The preamble to the School Act is the aspirational statement which may be relied upon in the interpretation of all of the provisions of the Act. The preamble contains two very important clauses, providing that there is "one publicly funded system of education in Alberta... through its two dimensions, the public schools and the separate schools" and that "the rights guaranteed under the constitution of Canada of separate school electors are (to be) preserved and maintained". Those provisions are essential for the preservation and maintenance of Catholic education in Alberta and must be retained.

Sections 44(4) and 220(6) provide that where a separate school district is established, a person of the same faith as those who established the separate school district is a resident of the separate school district. Those residency provisions outline the basis upon which membership is established in a Catholic separate school district. They have been tested and upheld in the Courts of Alberta, including in Re Schmidt (1976), and must be retained.
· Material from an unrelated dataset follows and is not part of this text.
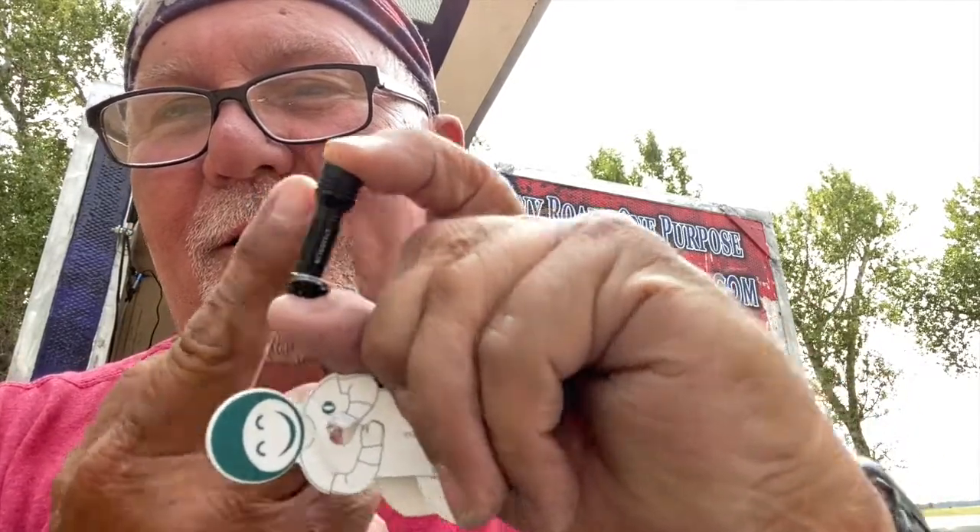I can't believe how little this light is. Okay, this is my finger - look at this. It's tiny.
Section 45(3) provides that a board shall enrol a resident student in its school system, and a non-resident student if, in the opinion of the board, there are sufficient resources and facilities available to accommodate the student. This provision allows a Catholic board to enrol non-Catholic students, but also allows it to require the non-resident student to enrol in the public board where that student cannot be accommodated due to a lack of resources or facilities. This flexibility must likewise be retained.

Also on the "to be retained" list are those provisions which allow a board to prescribe religious instruction and exercises, and for persons other than teachers to provide such religious instruction (s. 50), and indicate that a separate school district possesses all of the rights, powers, privileges, duties, liabilities and has the same method of government as the board of a public school district (s. 59). Those provisions which allow for separate boards to access their assessment base so as to be able to track and maintain democratic contact with its electors (ss. 154-164) must also be retained.
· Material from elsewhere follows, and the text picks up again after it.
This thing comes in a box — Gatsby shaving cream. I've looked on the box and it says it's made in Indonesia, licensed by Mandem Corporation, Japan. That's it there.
Sections 170 through 178, comprising the Alberta School Foundation Fund sections, are those provisions which were successfully defended in the Supreme Court of Canada in Alberta Public School Boards' Association v. Alberta (Attorney General) (2000). They provide a detailed system whereby a separate school board may "opt out" of the Fund and continue to requisition from its taxation assessment base but receive from the government the "same amount per student for the school year" as all other public and separate school boards (the "top-up"), and if the separate school district or division requisitions more from the municipality than the amount per student per year paid to all other public and separate school boards, any refund to the Fund will be "subject to the rights under the Constitution of Canada of separate school electors" (the "claw-back"). These provisions, for the first time, allow equal funding to be provided for separate school boards as compared to their public school counterparts under the principles of equity incorporated in section 17(2) of the Alberta Act, 1905. These provisions must be retained.
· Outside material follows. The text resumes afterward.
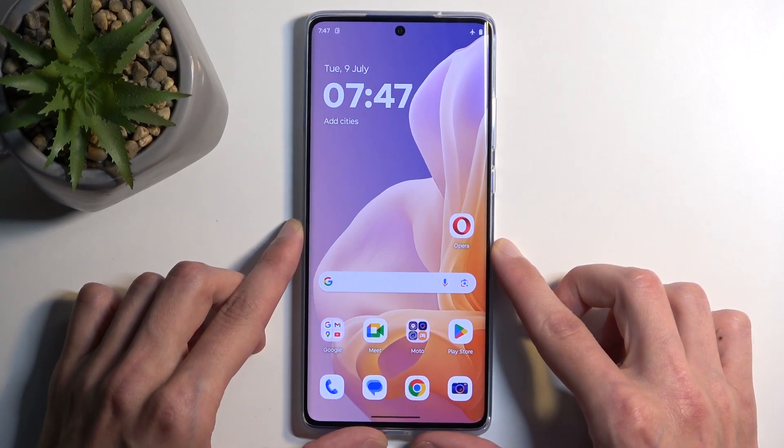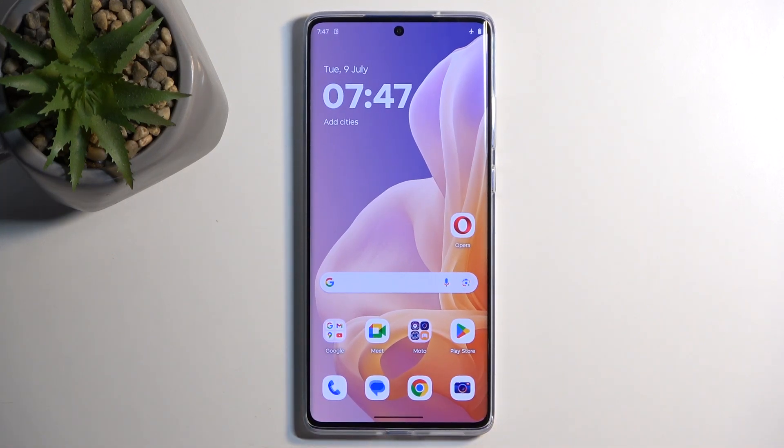So, to get started, you'll want to open up the content that you wish to capture. I'll be using the home screen as an example for this, so it's really open and visible on my screen.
Sections 212 to 220 address the establishment and dissolution of separate school districts. These are the traditional 4 x 4 formation provisions of the Act which have been largely unaltered since Alberta became a province in 1905. They provide for members of the minority denomination in a public school district to petition for a separate school district, call a meeting of separate school electors, and take a vote as to whether or not a separate school district should be established within the boundaries of the historical public school district. They provide details with respect to the notice, quorum and conduct of the meeting, and provide that if a majority of the electors forming a quorum vote for the establishment of a separate school district, the Minister shall by order establish the separate school district within the same boundaries as those of the public school district. These provisions are modelled on the School Ordinance of the Northwest Territories, 1901, which were constitutionalized for Alberta through the Alberta Act, 1905, and should be retained as the constitutional benchmark for the formation of Catholic Separate Schools.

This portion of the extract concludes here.